WORK ITEM ▸
Apart from any images, the entries are to be output exactly.

(Scraped caption text data)
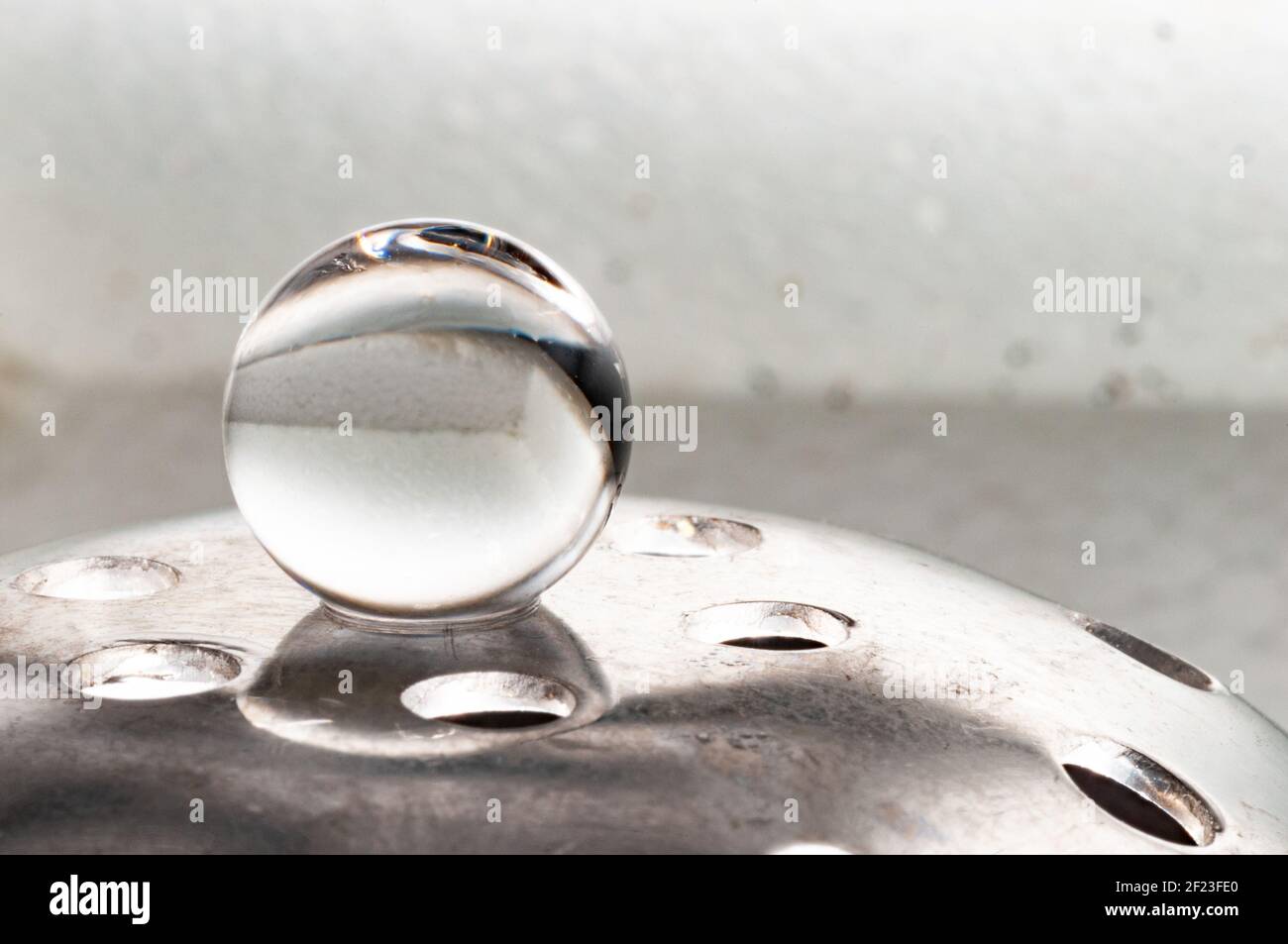 La sfera unica in equilibrio su supporto metallico in bianco sfondo Foto Stock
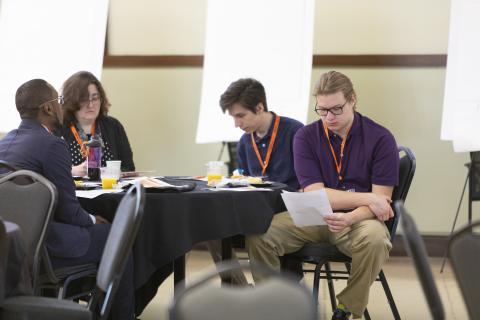 Four people seated at a black conference table during what appears to be a panel discussion or meeting, with orange lanyards visible and beverages on the table.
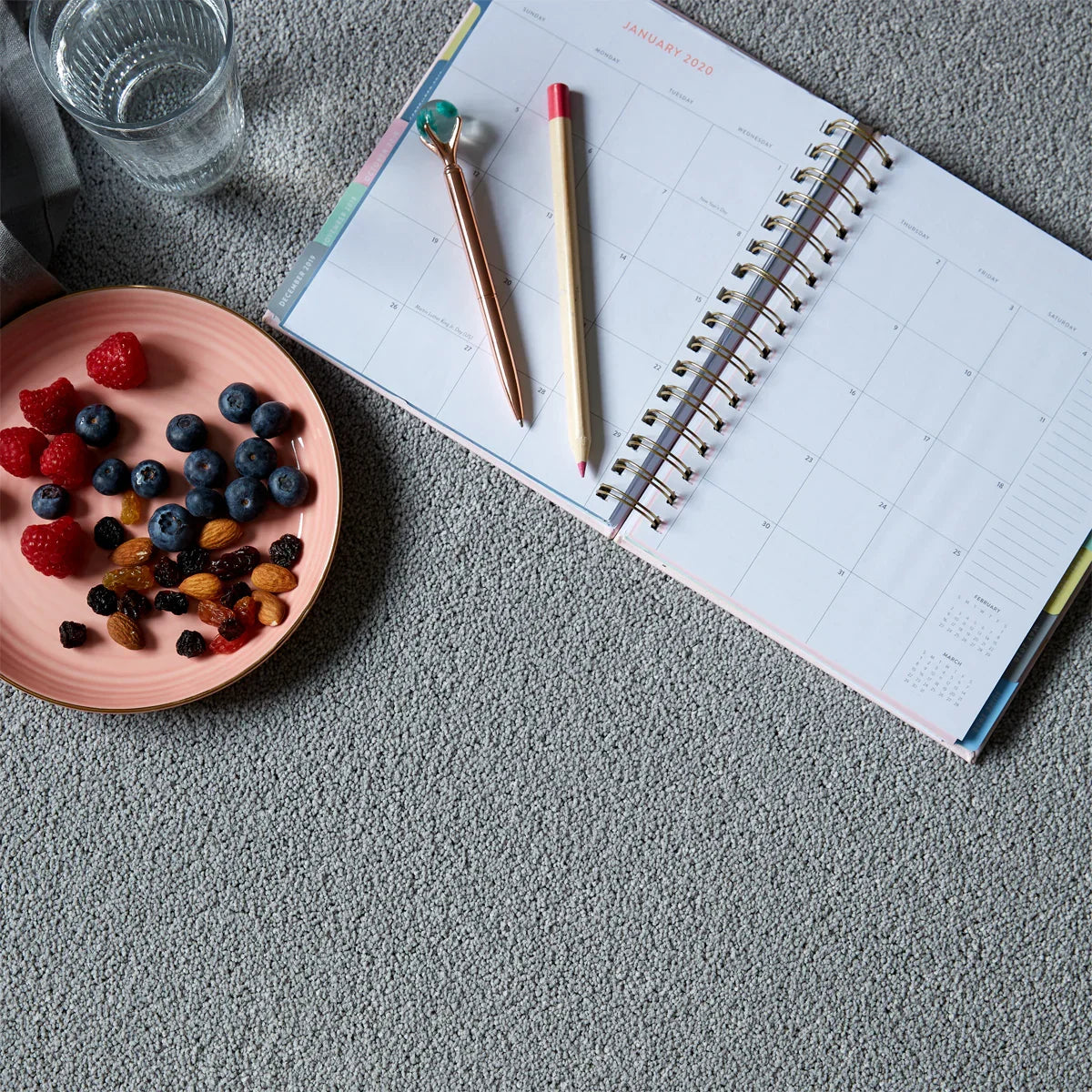 A cozy setup featuring a January 2020 planner with a pen and pencil, accompanied by a plate of fresh berries, nuts, and a glass of water on a soft carpet.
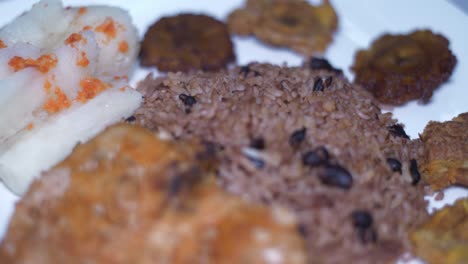 cuban plate of traditional food, rice and beans boiled yuca, smashed fried bananas and chicken steak rotating on a turning table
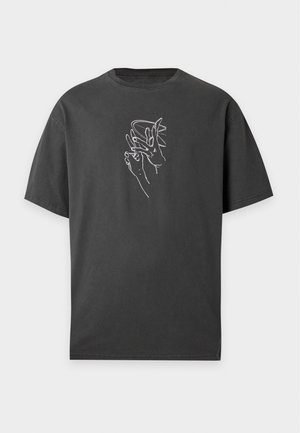 Mann trägt ein schwarzes T-Shirt mit Grafik, helle Jeans-Knielange Shorts und schwarze Sandalen und steht vor einem einfarbigen weißen Hintergrund.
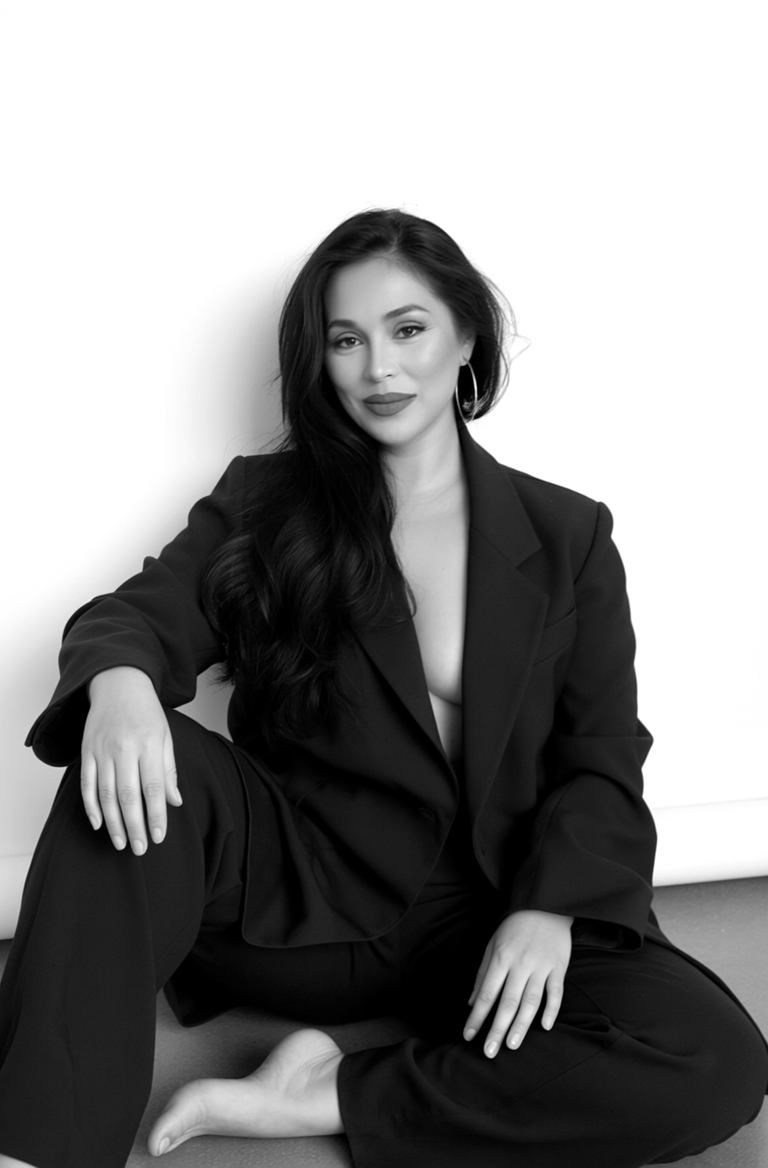 Woman with long dark hair sitting on the floor, wearing a blazer and pants, looking at the camera, smiling.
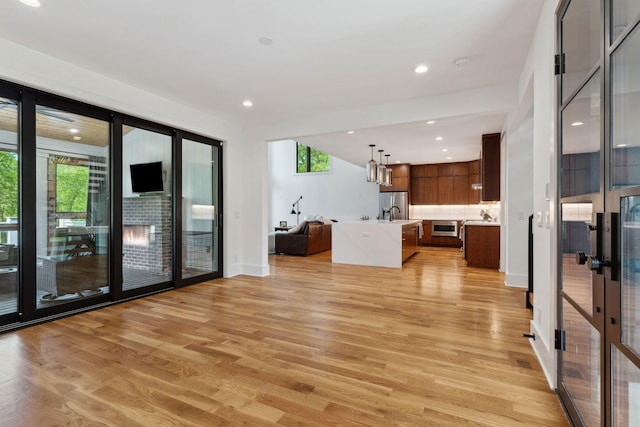 unfurnished living room with plenty of natural light, light wood-style flooring, recessed lighting, french doors, and baseboards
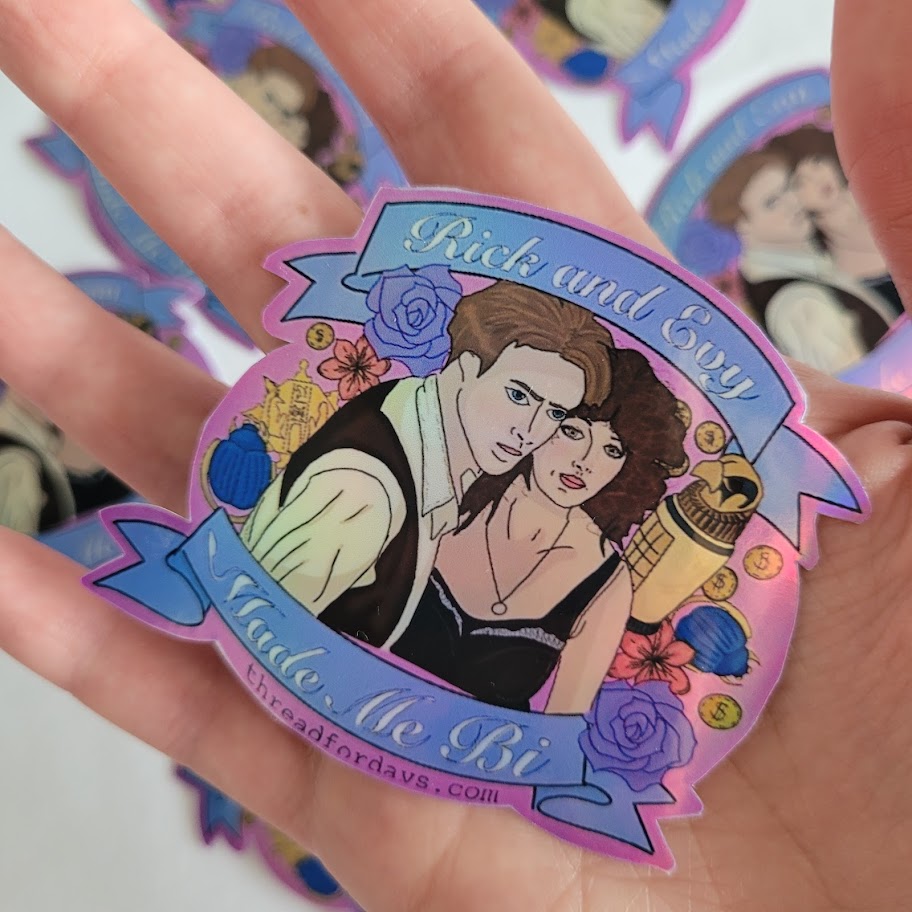 rick and evy made me bi sticker held in palm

RESPONSE AREA ▸
 La sfera unica in equilibrio su supporto metallico in bianco sfondo Foto Stock
 Four people seated at a black conference table during what appears to be a panel discussion or meeting, with orange lanyards visible and beverages on the table.
 A cozy setup featuring a January 2020 planner with a pen and pencil, accompanied by a plate of fresh berries, nuts, and a glass of water on a soft carpet.
 cuban plate of traditional food, rice and beans boiled yuca, smashed fried bananas and chicken steak rotating on a turning table
 Mann trägt ein schwarzes T-Shirt mit Grafik, helle Jeans-Knielange Shorts und schwarze Sandalen und steht vor einem einfarbigen weißen Hintergrund.
 Woman with long dark hair sitting on the floor, wearing a blazer and pants, looking at the camera, smiling.
 unfurnished living room with plenty of natural light, light wood-style flooring, recessed lighting, french doors, and baseboards
 rick and evy made me bi sticker held in palm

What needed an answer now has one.